• _Required work_: The part below that opens with the line containing "Mão Winner V1 kiểu sừng" and closes with the line containing "Malcolm IV of" should be copied exactly, minus any pictures.
----- Exercise data
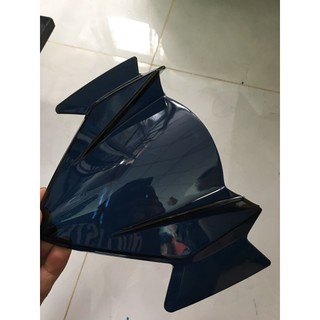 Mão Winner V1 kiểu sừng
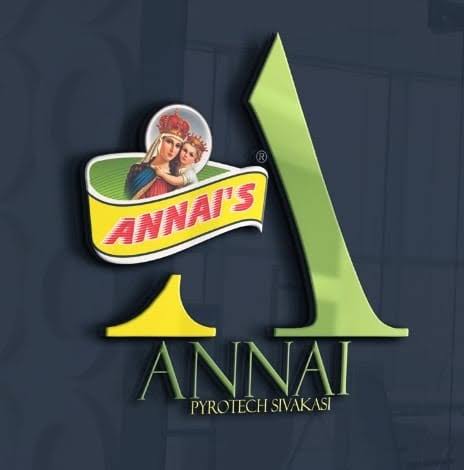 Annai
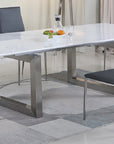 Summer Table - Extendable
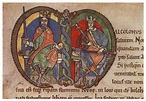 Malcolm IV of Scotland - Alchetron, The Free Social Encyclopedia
----------
----- Exercise data
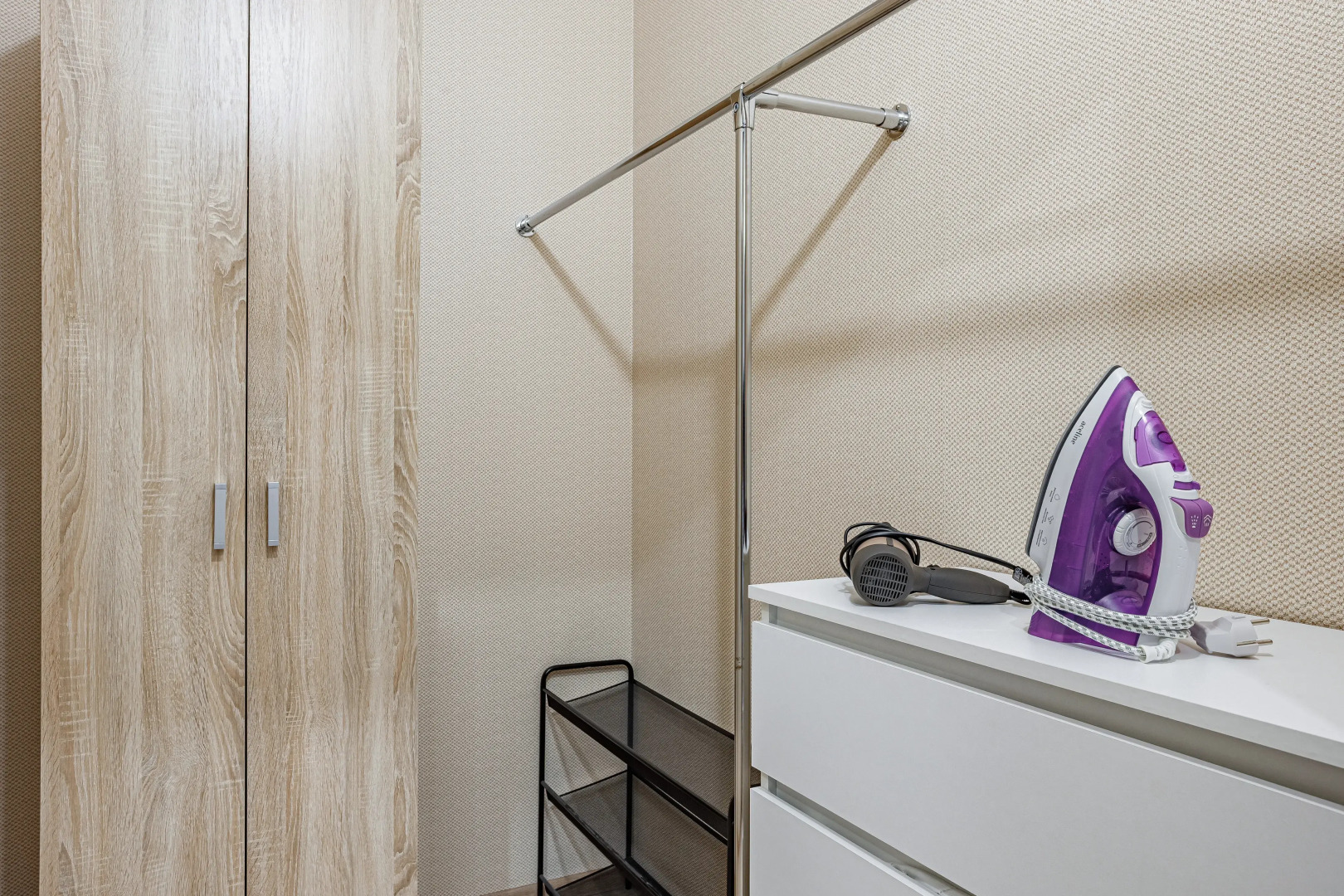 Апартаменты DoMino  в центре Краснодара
----------
• _Task result_:
 Mão Winner V1 kiểu sừng
 Annai
 Summer Table - Extendable
 Malcolm IV of Scotland - Alchetron, The Free Social Encyclopedia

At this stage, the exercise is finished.